Today is the last day of the world – at least the world as we know it. Millions of people around the globe are celebrating the end of the old ‘I win, you lose’ paradigm and the beginning of a new, evolved consciousness. To get a glimpse of what that new paradigm might look like, we need to look no further than what happens when people make music together.
Psychologists at the Max Planck Institute for Human Development in Berlin, Germany, and the University of Salzburg, Austria, wished to examine whether our brains act “in tandem” with others when we’re engaged in a common purpose. Although some research had been done with functional magnetic resonance imagery, no one before had examined simultaneous brain-wave activity between people carrying out the same task together.
The German scientists were inspired by recent studies examining the brain-wave rhythms between two people when they socially interact, demonstrating that one type of brainwave rhythm was associated with independent behavior, while another brainwave rhythm showed up and was shared by both parties when the behavior was coordinated.
Meeting of minds
The German and Austrian scientists decided to study the brain activity of pairs of guitarists playing a short melody together to see to what extent cortical activity is synchronized between people when they are playing the same music. The scientists placed an EEG cap on each of the musicians as they played together as a group and recorded each individual’s brain activity.
Using special algorithms to analyze the brain activity of each person individually and in relation to his partner, the scientists found that the brain waves of each pair were highly synchronized and “in phase” – that is, the waves peaking and troughing at certain key moments, when they were practicing setting the tempo with a metronome and then when they began their coordinated play.
In fact, entire areas of the brain had synchronized patterns, with the frontal and central regions the strongest, but the temporal and parietal regions also showing high synchronization in at least half the guitarist pairs. The parietal regions govern our sense of self in space, and in this instance, the synchrony suggests a move toward oneness. These results demonstrate that we move beyond the self when we are working to create something together.
Different parts
Recently, the scientists took this one step further, examining the brain activity of various pairs of guitar players performing a piece of music with two different parts. Their aim was to discover whether brain waves would synchronize even if the guitarists weren’t playing the same notes.
If so, this would mean something untoward: the brain waves of the musicians weren’t similar simply because they were engaged in an identical activity. It would mean that our brains synchronize to aid the coordinated activity of any interaction.
To test this, the scientists paired off 32 guitarists who’d been attached to electrodes, and then asked them to play the Sonata in G major by Christian Gottlieb Scheidler 60 times. Each member of each duet was given a different part, with one given a leading role, and other given the role of ‘follower’. In every other way, they were to start at the identical time and play according to the same tempo.
When analyzing signals from the electrodes of each pair, the scientists discovered that whenever the musicians had to coordinate their playing, the networks of brain signals formed between the two brains.

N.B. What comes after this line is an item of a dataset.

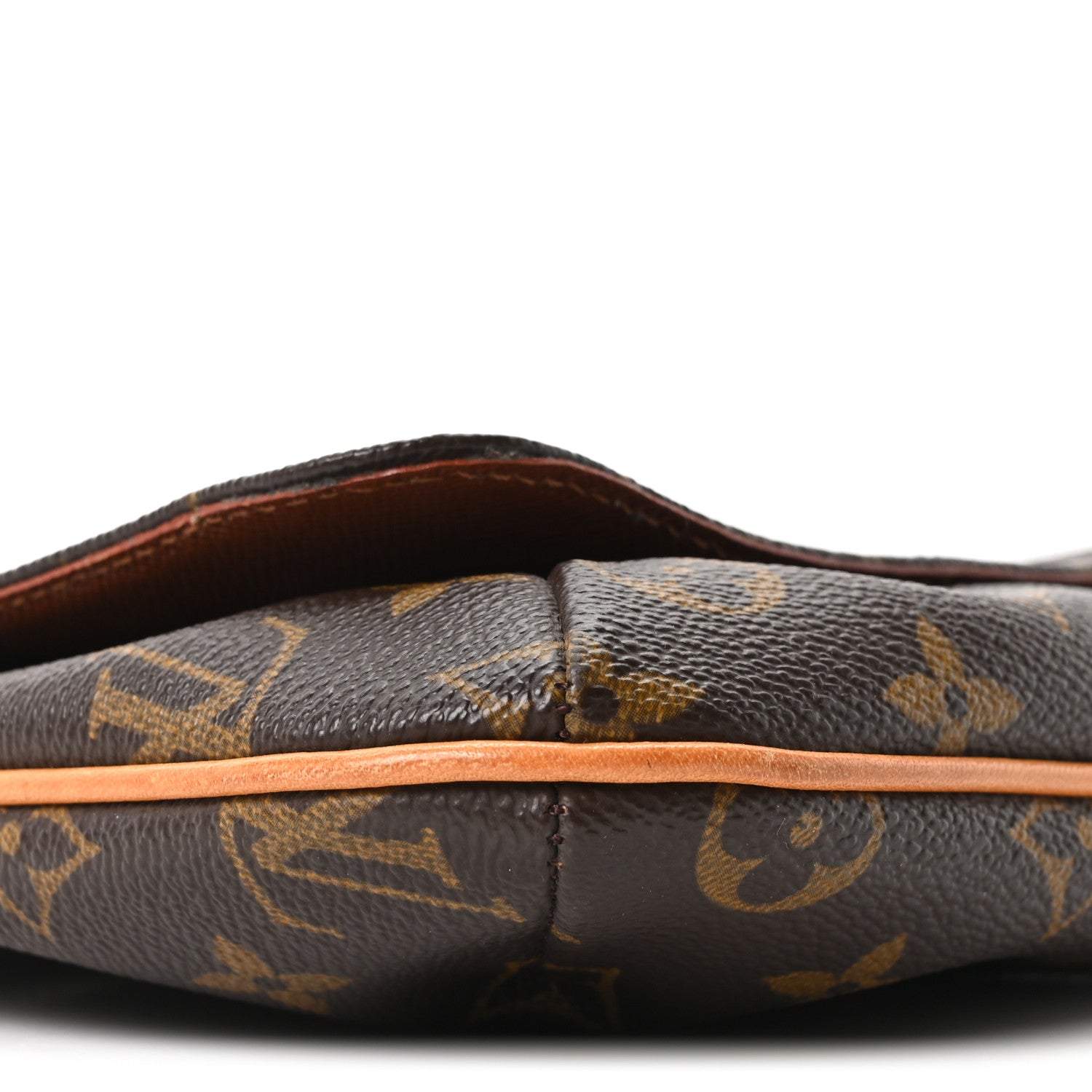Louis Vuitton Monogram Musette Salsa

The impulse of action seemed to be controlled by the coordinated activity of the pair.
The Max Planck Institute scientists believe that these networks between brains occur whenever people do things together for a common purpose. ‘Different people’s brain waves also synchronize when people mutually coordinate their action in other ways, such as during sport, or when they communicate with one another,’ the scientists said.
Group resonance
From a scientific point of view, the true power of leaving our small space of individuality and coming together as a group stems from a collective resonance effect. Just as brain-wave entrainment can occur between two individuals, so it also gets established between group members working together. The electrical activity of each individual in the group begins to resonate on a common wavelength — a choir perfectly in tune. Like a coherent group of electrons that begins to vibrate as one giant electron, the group creates a resonance that magnifies the individual effect.
Whenever people do things together in a synchronized fashion, their brain waves must follow suit. Brain-wave synchronization may even help to maintain interpersonal relations between people, given that they play such a vital role in early social development. Like a jazz group working together as a superorganism to produce a common sound, we get on each other’s wavelength whenever we’re working together to produce a common result.
This offers proof of the old adage that there is power in numbers and also explains why we feel something extraordinarily akin to magic in groups working for a common purpose. We move outside our own individuality and into the space of the Bond.
Scientists now understand that neurons become more efficient and operate as a unit when they are repeatedly and persistently stimulated together: neurons that fire together wire together. What may be also true is that people who fire together wire together.
May your Bond with each other make beautiful music together from today onward and through 2013.